2011-02-09 20:23:26 | ロンドン日記 (日常)
駐在員としての大切な仕事の一つは、日本の本社と上手く連携をとりながら業務を進めるということがありますが、これはなかなか大変な時があります。同じ仕事でも、アプローチの仕方が全然違うことがあるからです。1ヶ月程前に、予算の組み方の違いをご紹介しました(こちら→)が、情報セキュリティマネジメントの考え方も随分違います。

日本の親会社では、顧客情報・個人情報の扱いは非常にセンシティブで、セキュリティ管理は徹底しています。

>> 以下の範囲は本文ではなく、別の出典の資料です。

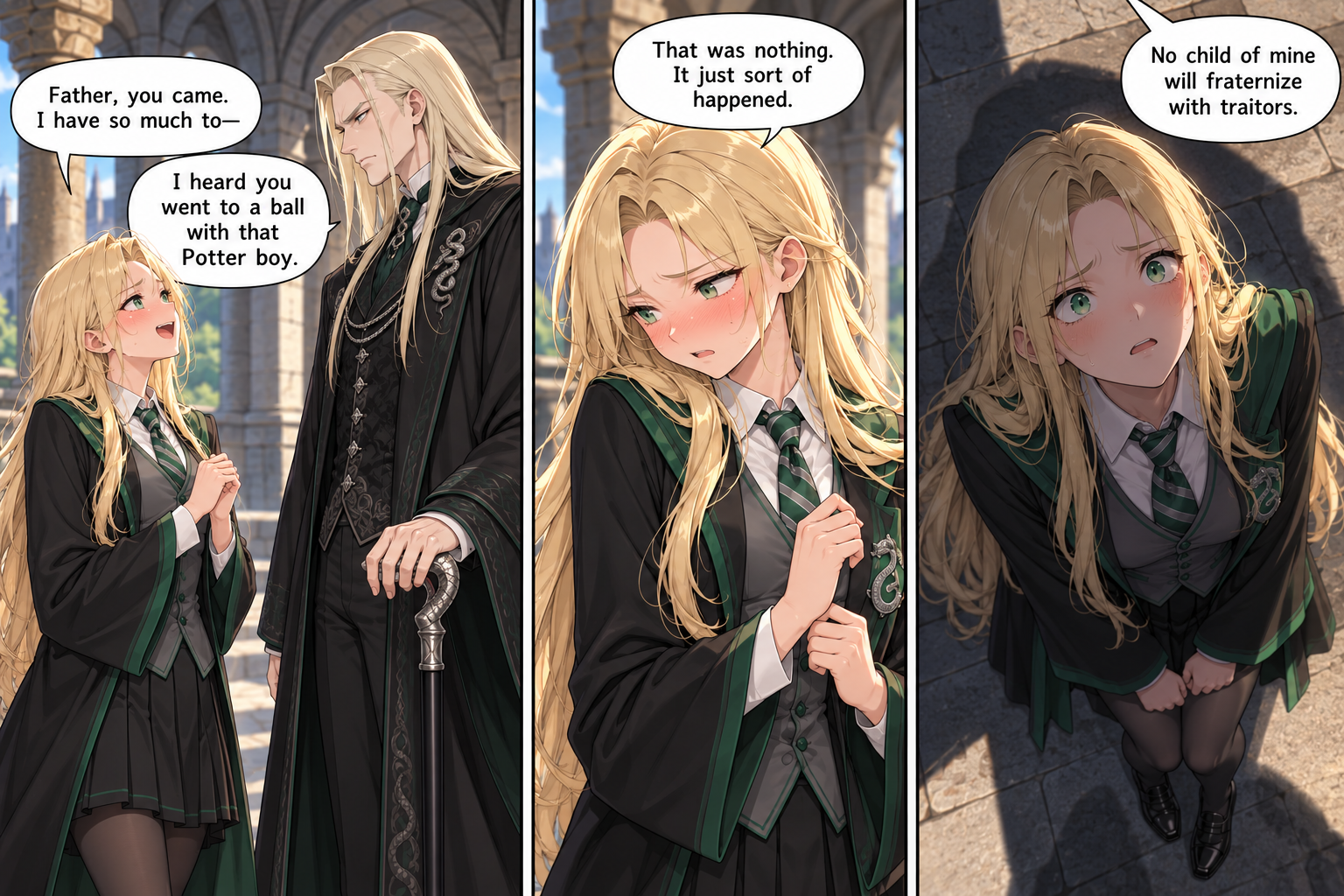 Malfoid is Not in Love – Chapter 1 – Page 8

会社のパソコンは社外に持ち出し厳禁、社員のオフィスの入退室の全ての記録管理(もちろんシステムで)、また業務委託契約を結んでいるパートナー会社の社員の人は別室で作業をしてもらう(社員とは一緒には業務をしない)などなど、「セキュリティのリスクをゼロにして、事故は起こりようがないようにする」というアプローチです。

お客様には、世界中で同じ品質でサービスを提供するのが大切ですから、本社からは、当然、この日本基準を海外の関連会社でも遵守するようご指導が来ます。また、日系企業のお客様も日本レベルのサービスをお求めになります。しかし、それが、なかなか難しいのです。

こちらでは、「セキュリティのリスクは決してゼロにはならない。だから、大切なのは、リスクが何かを認識し、そのリスクをコントロールする手段を講じるのが大切」と考えます。なので、例えば、社内のパソコンは社外に持ち出しは、原則OK、でも2重3重のパスワードやハードディスクの暗号化などを実施して、PCの盗難のリスクをコントロールします。また、パートナー会社の人との共同作業が必要な場合は、社内へのアクセスは許可しながらも、如何に社内の情報にはアクセスできないようにするかという対策を講じます。

ですので、本社から業務の品質検査の方が来られると、「日本でやっている対策が講じられてないではないか!!」となってしまい、一つ一つ、「これはこういう考え方で、日本とは違いますが、有効な対策を講じていますので、ご心配には及びません」と丁寧に説明をしなくてはいけません。

最近、本社の方にもこの違いに馴染み始めて頂いていますが、考え方の違いが個々のセキュリティ対策の違いになるので、今だ見解の相違が発端で日本と欧州のセキュリティ担当の間で大きな論争になることもあります。

まあ、どっちが正しくて、どっちが誤っているわけではないだけに、この手の話は、間に立つ駐在員を悩ませるわけです。ふう~。